Last night I made a batch of Anise Bizcochos, from Brighid ni Chairain's redaction, just to make sure I still know how to do it. http://members.tripod.com/~breadbaker/sweets.html
The answer is yes, but I need not to let the dough sit as long between batches.
Yummy.

And then I made gingerbread, using the recipe from Form of Cury:
Curye on Inglysch p. 154
To make gingerbrede. Take goode honey & clarifie it on + e fere, & take fayre paynemayn or wastel brede & grate it, & caste it into + e boylenge hony, & stere it well togyder faste with a sklyse + at it bren not to + e vessell. & + anne take it doun and put + erin ginger, longe pepper & saundres, & tempere it vp with + in handes; & than put hem to a flatt boyste & strawe + eron suger, & pick + erin clowes rounde aboute by + e egge and in + e mydes, yf it plece you, &c.

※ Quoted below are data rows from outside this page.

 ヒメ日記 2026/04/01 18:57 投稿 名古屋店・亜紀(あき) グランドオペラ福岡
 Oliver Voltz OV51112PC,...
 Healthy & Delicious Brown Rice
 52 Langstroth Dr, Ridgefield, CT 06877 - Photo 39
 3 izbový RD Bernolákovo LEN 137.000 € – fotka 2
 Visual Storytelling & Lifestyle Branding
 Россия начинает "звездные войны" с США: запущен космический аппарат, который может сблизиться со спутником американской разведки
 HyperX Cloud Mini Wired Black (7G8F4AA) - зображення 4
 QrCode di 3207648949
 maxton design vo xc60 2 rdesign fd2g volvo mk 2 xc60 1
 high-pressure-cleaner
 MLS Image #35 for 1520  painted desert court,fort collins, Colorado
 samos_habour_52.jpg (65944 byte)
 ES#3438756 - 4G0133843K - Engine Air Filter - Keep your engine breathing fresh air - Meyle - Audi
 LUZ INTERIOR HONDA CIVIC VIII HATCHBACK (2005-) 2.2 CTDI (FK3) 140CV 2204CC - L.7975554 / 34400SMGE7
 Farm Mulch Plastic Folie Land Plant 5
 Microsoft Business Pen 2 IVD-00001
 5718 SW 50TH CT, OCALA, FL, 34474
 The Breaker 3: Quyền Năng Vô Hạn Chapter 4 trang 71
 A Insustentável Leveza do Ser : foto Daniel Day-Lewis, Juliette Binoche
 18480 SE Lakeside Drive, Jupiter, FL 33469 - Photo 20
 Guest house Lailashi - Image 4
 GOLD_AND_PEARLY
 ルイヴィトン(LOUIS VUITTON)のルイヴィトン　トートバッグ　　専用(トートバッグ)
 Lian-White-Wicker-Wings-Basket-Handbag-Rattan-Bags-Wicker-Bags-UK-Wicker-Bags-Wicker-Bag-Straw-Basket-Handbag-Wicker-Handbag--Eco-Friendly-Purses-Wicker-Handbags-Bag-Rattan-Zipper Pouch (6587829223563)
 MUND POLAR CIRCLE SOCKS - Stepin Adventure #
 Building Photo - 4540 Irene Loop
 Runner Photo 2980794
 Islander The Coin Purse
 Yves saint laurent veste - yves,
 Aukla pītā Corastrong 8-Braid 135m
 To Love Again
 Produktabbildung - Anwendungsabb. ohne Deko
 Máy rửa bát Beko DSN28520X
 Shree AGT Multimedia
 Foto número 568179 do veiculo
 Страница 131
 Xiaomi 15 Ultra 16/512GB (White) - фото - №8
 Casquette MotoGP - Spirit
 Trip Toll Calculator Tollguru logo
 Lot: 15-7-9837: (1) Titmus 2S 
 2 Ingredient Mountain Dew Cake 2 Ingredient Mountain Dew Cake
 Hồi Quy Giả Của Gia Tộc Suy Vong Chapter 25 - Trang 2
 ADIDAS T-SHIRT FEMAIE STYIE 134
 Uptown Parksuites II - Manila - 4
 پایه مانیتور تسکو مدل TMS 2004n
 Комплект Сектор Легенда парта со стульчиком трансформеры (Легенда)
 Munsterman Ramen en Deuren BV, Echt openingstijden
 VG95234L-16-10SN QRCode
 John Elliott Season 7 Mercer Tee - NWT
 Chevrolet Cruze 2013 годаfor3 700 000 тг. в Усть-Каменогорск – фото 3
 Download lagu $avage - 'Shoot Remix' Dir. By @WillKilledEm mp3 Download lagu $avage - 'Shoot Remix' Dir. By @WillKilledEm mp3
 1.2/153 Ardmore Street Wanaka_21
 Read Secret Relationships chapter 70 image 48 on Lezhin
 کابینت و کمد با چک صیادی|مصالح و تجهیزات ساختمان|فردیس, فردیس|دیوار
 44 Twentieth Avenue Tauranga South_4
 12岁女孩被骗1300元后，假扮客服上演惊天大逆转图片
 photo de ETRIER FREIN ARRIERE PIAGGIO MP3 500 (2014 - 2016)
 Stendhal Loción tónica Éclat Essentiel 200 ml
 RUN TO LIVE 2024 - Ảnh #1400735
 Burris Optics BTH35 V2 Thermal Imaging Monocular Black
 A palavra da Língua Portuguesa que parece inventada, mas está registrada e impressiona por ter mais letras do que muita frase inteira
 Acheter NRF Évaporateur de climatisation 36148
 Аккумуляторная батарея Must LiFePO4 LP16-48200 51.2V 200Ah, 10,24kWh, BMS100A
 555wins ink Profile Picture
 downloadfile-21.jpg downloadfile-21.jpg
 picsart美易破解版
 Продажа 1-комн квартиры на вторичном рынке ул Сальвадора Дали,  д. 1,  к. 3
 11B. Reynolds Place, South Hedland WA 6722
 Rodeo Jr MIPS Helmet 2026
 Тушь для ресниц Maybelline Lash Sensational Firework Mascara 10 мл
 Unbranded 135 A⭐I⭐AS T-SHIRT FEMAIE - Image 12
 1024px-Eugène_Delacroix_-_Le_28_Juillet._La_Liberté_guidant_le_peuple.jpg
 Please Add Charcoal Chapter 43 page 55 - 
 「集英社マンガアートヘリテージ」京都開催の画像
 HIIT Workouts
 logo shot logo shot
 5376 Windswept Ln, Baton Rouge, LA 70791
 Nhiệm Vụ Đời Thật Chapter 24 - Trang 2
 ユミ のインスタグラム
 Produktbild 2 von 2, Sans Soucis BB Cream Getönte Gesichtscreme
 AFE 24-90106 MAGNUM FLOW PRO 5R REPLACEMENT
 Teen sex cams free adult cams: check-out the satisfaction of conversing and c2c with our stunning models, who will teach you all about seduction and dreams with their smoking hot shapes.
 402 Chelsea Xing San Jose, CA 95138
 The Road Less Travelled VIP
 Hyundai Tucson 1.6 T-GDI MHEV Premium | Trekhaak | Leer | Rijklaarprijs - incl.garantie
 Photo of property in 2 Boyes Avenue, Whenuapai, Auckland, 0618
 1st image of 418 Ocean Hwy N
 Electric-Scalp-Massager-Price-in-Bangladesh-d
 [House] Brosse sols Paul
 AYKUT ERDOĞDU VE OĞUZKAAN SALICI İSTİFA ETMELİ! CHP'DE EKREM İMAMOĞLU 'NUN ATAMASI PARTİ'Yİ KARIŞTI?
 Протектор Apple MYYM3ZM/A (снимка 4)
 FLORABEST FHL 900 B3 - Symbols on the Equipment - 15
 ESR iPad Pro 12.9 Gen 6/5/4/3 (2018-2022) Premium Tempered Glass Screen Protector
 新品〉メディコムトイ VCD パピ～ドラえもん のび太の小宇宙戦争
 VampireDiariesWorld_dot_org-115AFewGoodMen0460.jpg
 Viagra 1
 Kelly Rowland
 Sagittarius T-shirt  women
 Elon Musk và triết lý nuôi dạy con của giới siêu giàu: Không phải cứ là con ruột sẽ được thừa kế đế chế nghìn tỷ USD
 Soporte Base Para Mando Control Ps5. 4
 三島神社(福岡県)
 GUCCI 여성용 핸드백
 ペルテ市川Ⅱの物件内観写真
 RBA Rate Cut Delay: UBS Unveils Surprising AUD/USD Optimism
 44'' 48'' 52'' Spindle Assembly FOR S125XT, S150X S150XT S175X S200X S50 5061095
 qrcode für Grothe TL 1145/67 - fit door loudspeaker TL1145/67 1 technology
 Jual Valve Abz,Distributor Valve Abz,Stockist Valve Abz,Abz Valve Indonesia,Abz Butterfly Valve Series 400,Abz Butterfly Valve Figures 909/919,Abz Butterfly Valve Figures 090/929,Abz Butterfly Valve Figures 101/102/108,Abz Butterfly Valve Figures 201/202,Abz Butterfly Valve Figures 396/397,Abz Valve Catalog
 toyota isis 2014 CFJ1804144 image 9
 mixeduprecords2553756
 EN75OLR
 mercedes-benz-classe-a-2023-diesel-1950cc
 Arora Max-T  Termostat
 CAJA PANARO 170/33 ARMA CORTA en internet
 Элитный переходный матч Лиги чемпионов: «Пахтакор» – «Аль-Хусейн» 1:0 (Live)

This time I think I got the proportions as I like them and had them written down:
1 cup honey
2.5 cups breadcrumbs
1 rounded tsp ginger
1/2 a medium long pepper
1/3 tsp saunders
Whole Cloves
Sugar to roll in

Heat the honey to a simmer. Stir in the breadcrumbs with a silicone spatula (heavy duty) or wooden spoon. Add the ginger, grate in the long pepper and add the saunders. Mix in. Get yourself set up with pot of gingerbread, bowl of sugar to roll in, container of whole cloves, plate to put gingerbread in. This will allow the mixture to cool off enough to be handled.
Take handfuls of the mixture and knead with your fingers. When it forms a cohesive paste, pull off an amount the size of a superball and roll it into a firm ball. Insert a clove; roll in sugar, and set aside. Repeat. When the mixture is hottest, do one ball at a time; as it cools down, you can do larger quantities and roll them into ropes to pinch off from.
You MUST firmly incorporate the bread crumbs with the honey to get a good flavor and texture. If the balls crack or don't hold together you need to knead the mixture more. You can tell when a ball is ready when you roll it between your hands and it pulls away from your skin slightly as you roll.

The longer these sit, the spicier they are.
bunnyjadwiga: (Default)
from De Nola again:

178. Pottage called jota
POTAJE LLAMADO JOTA

You will take chard, and parsley, and mint, and borage, and put everything to cook so that it comes to a boil; and then put it on a chopping-block, and chop it small with spices; and when it is well-chopped, strain it through a woolen cloth, and put it in a pot; and you must give it a boil in such a manner that it does not lose its greenness. And do not cover it until the hour of dinner, and if you wish to cook it the night before, make it in the same manner, but you must put in some bacon from fresh pork and fry it to extract the juice; and with that juice, gently fry the above-mentioned things; and with pot-broth in the manner of spinach, and then prepare dishes, and upon each dish put a piece of that bacon which you have gently fried.


Ok, this one is a bit odder. I'm going to work on it this way:
- chard, mint, parsley (borage ommitted), cleaned and chopped roughly
-blanch greens
- chop up fine and add spices
- drain?
- cook on low just until done (make sure color does not change)

I'm worried about that 'strain through a woolen cloth but I'll try it.